Among prostate cancers that are judged to be low risk after physical exam and biopsy, and which thus are candidates for active surveillance, 33%-45% are upgraded or upstaged when the patient decides instead to undergo radical prostatectomy, according to a report in the February issue of Journal of Urology.
Researchers analyzed data regarding tumor and patient features for 4,500 cases in a national Swedish database of prostate cancers diagnosed during a 4-year period. All of these cases were judged to be low risk on the basis of Gleason scores, PSA findings, and biopsy results, but all of the men elected to undergo radical prostatectomy, said Dr. Annelies Vellekoop of New York University and Manhattan Veterans Affairs Medical Center, New York, and her associates.

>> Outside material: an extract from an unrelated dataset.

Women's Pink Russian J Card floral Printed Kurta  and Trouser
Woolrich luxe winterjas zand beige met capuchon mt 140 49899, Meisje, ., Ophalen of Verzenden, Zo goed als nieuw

Even though these cases met stringent criteria for active surveillance according to several different protocols, 33%-45% of them (depending on the protocol) were found at surgery to have adverse pathology signaling that the cancers were of higher risk than anticipated (J. Urol. 2014;191:350-7).
Three predictors of upstaging/upgrading – age over 60 years, high PSA level, and stage T2 cancer on biopsy – are already known to raise risk and are included in most risk-assessment criteria. But two other factors – PSA density greater than 0.15 ng/mL and the linear extent of cancer in mm within biopsy specimens – were found to be highly predictive in this study and should be considered as additional criteria to include in risk assessments, the investigators said.
This study was supported by the Swedish Research Council, the Swedish Cancer Foundation, Vasterbotten County Council, and Lion’s Cancer Research Foundation at Umea University. Dr. Vellekoop reported no financial conflicts of interest; one of her associates reported ties to Sanofi.